Give back every entry exactly; drop the pictures.

╭──

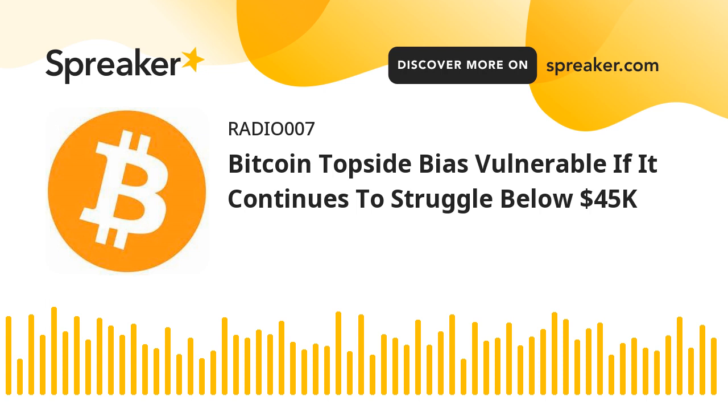The price is trading above $43,500 and the 100 hourly simple moving average. There is a key bullish trend line forming with support near $43,800 on the hourly chart of the BTC-USD pair. The pair could gain bearish momentum if there is a clear move below $43,180.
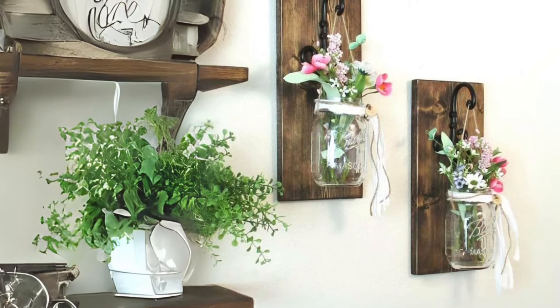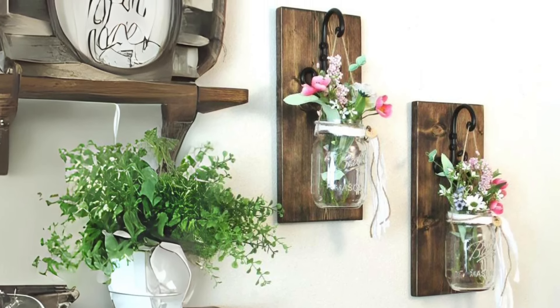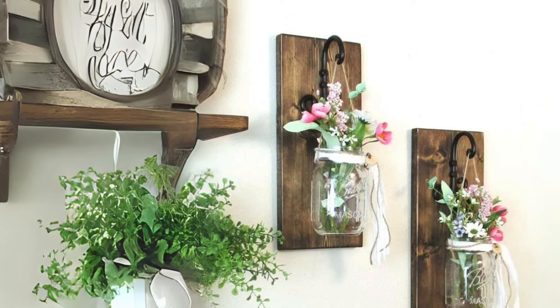Farmhouse Mason Jar Sconces. Illuminate your space with farmhouse charm using Mason Jar Sconces. Fill them with seasonal flowers or greenery for a versatile decor piece that adds a touch of rustic elegance year-round.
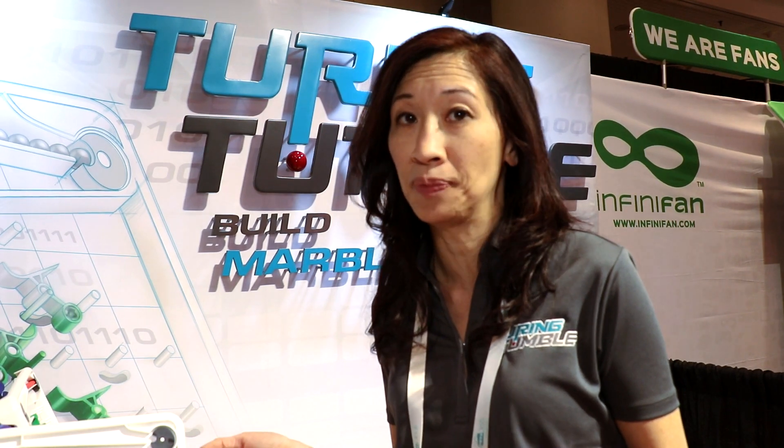And if you would like to purchase this game, you can go to www.TuringTumble.com and you'll be able to pre-order remaining products that are still available. Please go to our website.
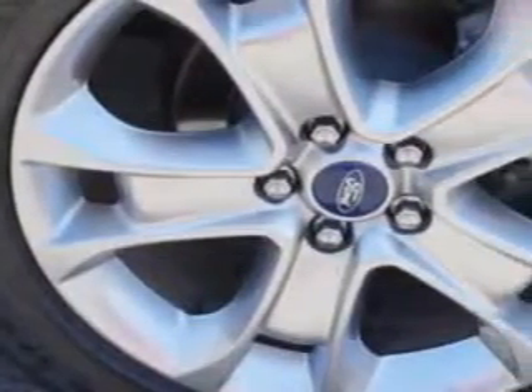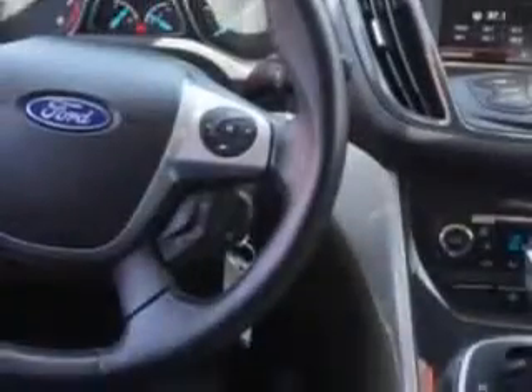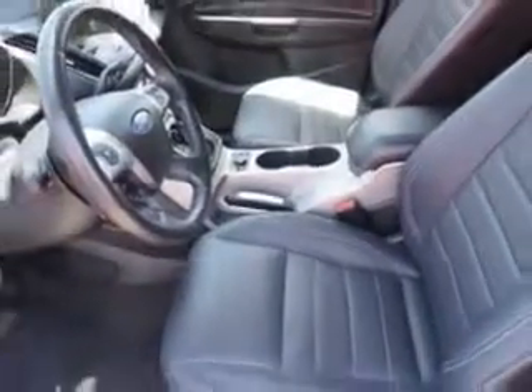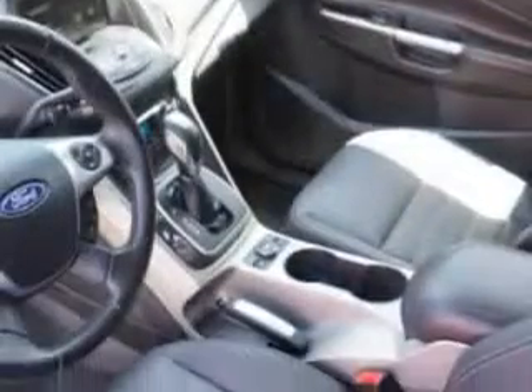rich leather upholstery, heated driver and passenger seating, heated outside mirrors, and much more. Enjoy the drive and have peace of mind in this 2013 Ford Escape. See us at Toyota of Orange today.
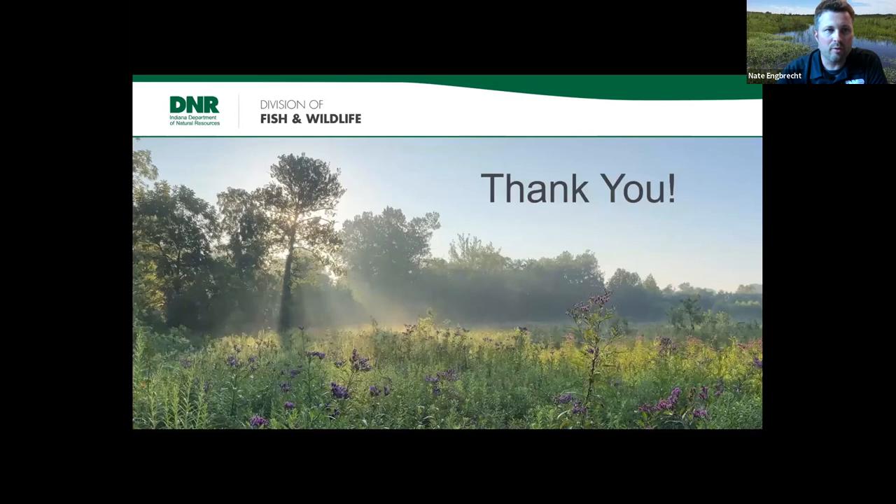That wraps up the presentation at the 30-minute mark. Thank you for coming out tonight and thank you Sycamore for being such great partners. That closing photo was taken at the Shine Foundation Nature Preserve on a warm, humid summer day with really cool rays of sunlight. From the Sycamore side — being out at Shine the past couple days checking cover boards is beautiful and really sweaty! We appreciate the partnership with Nate and the DNR. Getting out there and finding all these different species shows how much conservation and restoration work is worth it.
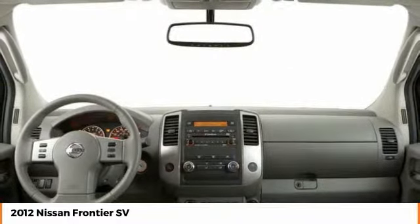A vehicle like this doesn't come along every day. Come in and get it before someone else does.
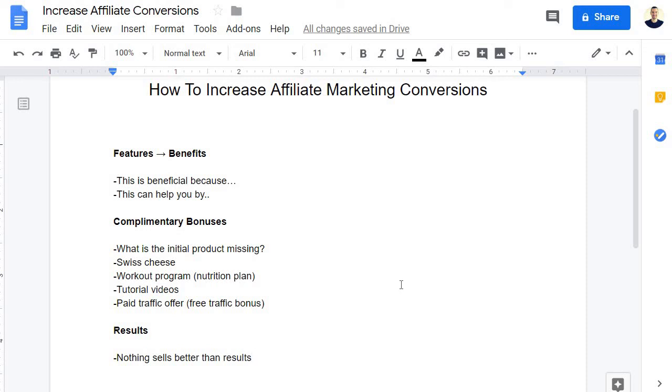The more results you can talk about, the better. Try to incorporate that into whatever you're recommending. Imagine affiliate A talks about features and benefits, gives complementary bonuses, and that's it — versus another affiliate who talks about really juicy benefits, gives amazing complementary bonuses, and also talks about results they've had, even making a case study out of those results and adding it as a complementary bonus. You've literally hit the bullseye on all three, and that's what will really increase your conversions. When someone comes across something like that, they don't even need to check the competition — they're buying.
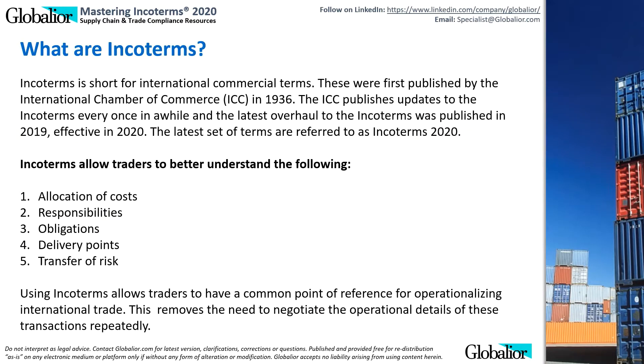What are Incoterms? Incoterms is short for International Commercial Terms. These were first published by the International Chamber of Commerce, ICC, in 1936. The ICC publishes updates to the Incoterms every once in a while. The latest version of the Incoterms was published in 2019, effective in 2020. The latest set of terms are referred to as Incoterms 2020.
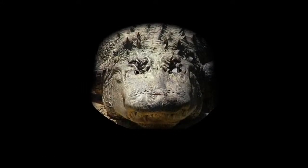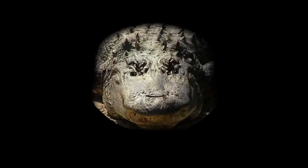Hi. I'm an alligator. Alligators are reptiles. Alligators are vertebrates.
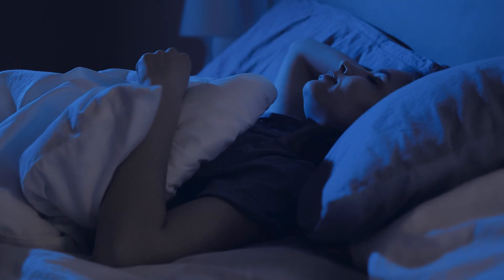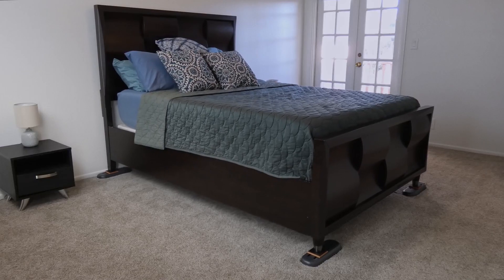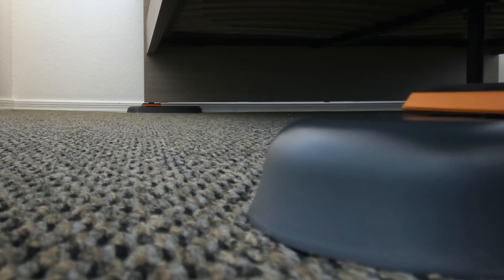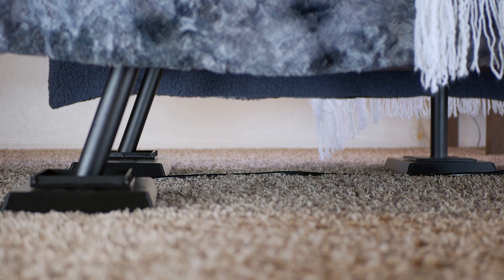60% of Americans report sleep problems every or almost every night. Last year, we premiered the InSven modular bed rocker system to help people fall asleep faster and sleep deeper. This year, we've made it even better.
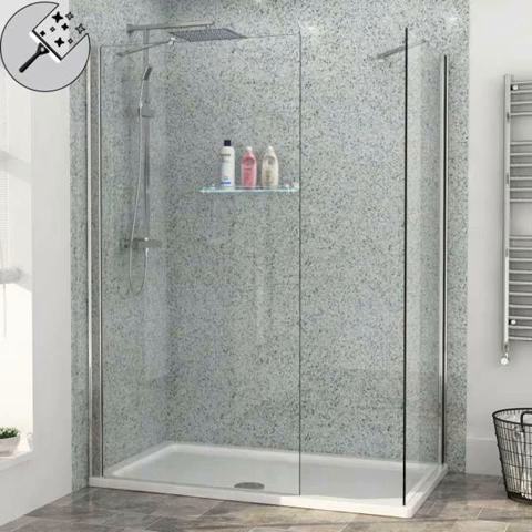Frameless walk-in shower enclosures in the cloakroom can do wonders. A house is where your heart is, and you do not want to spend a fortune to decorate it. These days, city homes are minimal and leave very little room for wonders. The bathroom is just as important as any other room, for someone to refresh after a long day of work. Imagine having frameless walk-in shower enclosures in your small bathrooms.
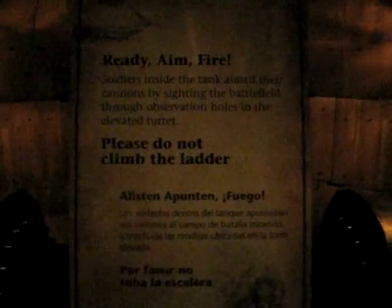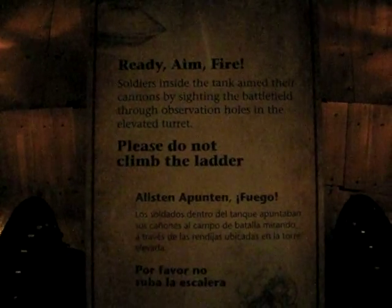So, shall we go inside? We're not allowed to climb the ladder that the sign is on. Soldiers inside the tank aimed their cannons by sighting the battlefield through observation holes in the turret. And here we are looking up inside the turret at the observation holes.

╰──

SOLUTION FOR THIS EXERCISE:
The price is trading above $43,500 and the 100 hourly simple moving average. There is a key bullish trend line forming with support near $43,800 on the hourly chart of the BTC-USD pair. The pair could gain bearish momentum if there is a clear move below $43,180.
Farmhouse Mason Jar Sconces. Illuminate your space with farmhouse charm using Mason Jar Sconces. Fill them with seasonal flowers or greenery for a versatile decor piece that adds a touch of rustic elegance year-round.
And if you would like to purchase this game, you can go to www.TuringTumble.com and you'll be able to pre-order remaining products that are still available. Please go to our website.
rich leather upholstery, heated driver and passenger seating, heated outside mirrors, and much more. Enjoy the drive and have peace of mind in this 2013 Ford Escape. See us at Toyota of Orange today.
That wraps up the presentation at the 30-minute mark. Thank you for coming out tonight and thank you Sycamore for being such great partners. That closing photo was taken at the Shine Foundation Nature Preserve on a warm, humid summer day with really cool rays of sunlight. From the Sycamore side — being out at Shine the past couple days checking cover boards is beautiful and really sweaty! We appreciate the partnership with Nate and the DNR. Getting out there and finding all these different species shows how much conservation and restoration work is worth it.
A vehicle like this doesn't come along every day. Come in and get it before someone else does.
The more results you can talk about, the better. Try to incorporate that into whatever you're recommending. Imagine affiliate A talks about features and benefits, gives complementary bonuses, and that's it — versus another affiliate who talks about really juicy benefits, gives amazing complementary bonuses, and also talks about results they've had, even making a case study out of those results and adding it as a complementary bonus. You've literally hit the bullseye on all three, and that's what will really increase your conversions. When someone comes across something like that, they don't even need to check the competition — they're buying.
What are Incoterms? Incoterms is short for International Commercial Terms. These were first published by the International Chamber of Commerce, ICC, in 1936. The ICC publishes updates to the Incoterms every once in a while. The latest version of the Incoterms was published in 2019, effective in 2020. The latest set of terms are referred to as Incoterms 2020.
Hi. I'm an alligator. Alligators are reptiles. Alligators are vertebrates.
60% of Americans report sleep problems every or almost every night. Last year, we premiered the InSven modular bed rocker system to help people fall asleep faster and sleep deeper. This year, we've made it even better.
Frameless walk-in shower enclosures in the cloakroom can do wonders. A house is where your heart is, and you do not want to spend a fortune to decorate it. These days, city homes are minimal and leave very little room for wonders. The bathroom is just as important as any other room, for someone to refresh after a long day of work. Imagine having frameless walk-in shower enclosures in your small bathrooms.
So, shall we go inside? We're not allowed to climb the ladder that the sign is on. Soldiers inside the tank aimed their cannons by sighting the battlefield through observation holes in the turret. And here we are looking up inside the turret at the observation holes.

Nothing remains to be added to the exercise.